There is also a need for a common food values amongst consumers. Toni Dipple gave the inspiring example of Organic Ilford (OI!), an organic veg-box scheme and community supported agriculture (CSA) project. The land being used is on a flood plain, and so has no value to the Council for building purposes. Therefore, to gain access to the land, Toni created new value. Organic Ilford was pitched to the Council as a means to attribute to health, supply accessible and nutritious food, build community spirit and opportunities for practical education about food production. Toni concluded: “the trick is to make them believe they need you more than you need them”.

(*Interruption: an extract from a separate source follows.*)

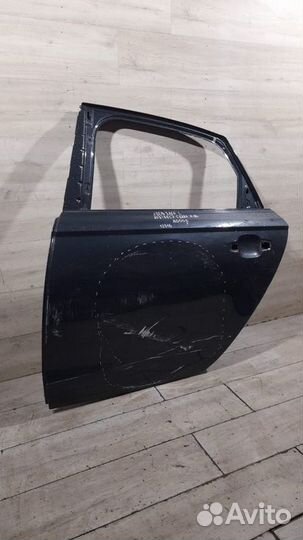 Дверь задняя левая Audi A 6 C 7 С 2011 По 2018 Год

We also need to find ways to value the voices of those who are commonly marginalised within agricultural and food debates: the farmers themselves. In the Access to Land talk, Zoe Wangler gave the example of the Ecological Land Cooperative. The co-operative is a multi-stakeholder system, with 50% of voting rights going to the freeholder farmers, compared to 25% for the workers and investor members. This means that farmer’s values and needs are prioritized. The same is seen outside of the UK. Michel Pimbert praised the success of smallholder citizen juries in Africa as a means to democratize agricultural research, helping give a voice to female smallholder farmers in the midst of AGRA’s vision of an African Green Revolution.

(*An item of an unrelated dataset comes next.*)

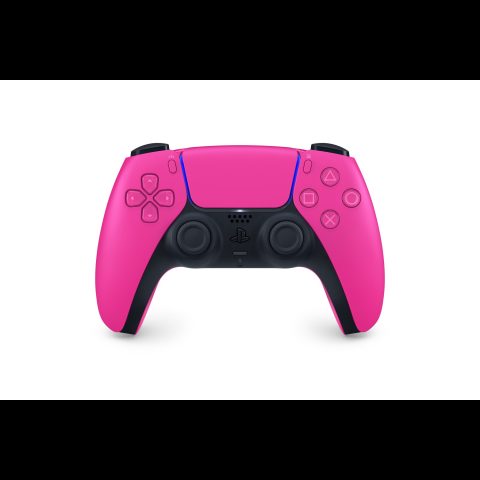 Sony Interactive Entertainment PS5 DualSense Controller Rozā Bluetooth/USB Sp…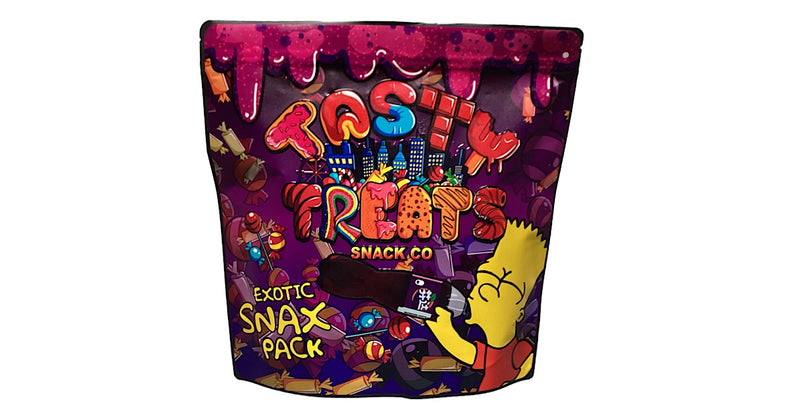 Bart Simpson (Exotic Snax Pack)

Overall, it is these inspiring case studies that are greatest achievement of the ORFC, as they serve to highlight just how important individual action is, and prove that small-scale community led initiatives can be financially sustainable and deliver a wealth of other socio-cultural benefits. There is a tendency in our society to rely on policy, politicians or the economy to instigate change. The ORFC advocates a ground-up approach where farmers, food-producers and citizens collaborate together to build a viable alternative. Whilst this course of action is to be encouraged in the absence of any meaningful government-led alternative, the on-going juxtaposition of the two conferences only serves to highlight the urgent need to bring all of farming together for an honest and open debate, not only about the kind of food systems that we need to produce sufficient quantities of quality food, but also about the values and responsibility of care that we want to put at the heart of our communities.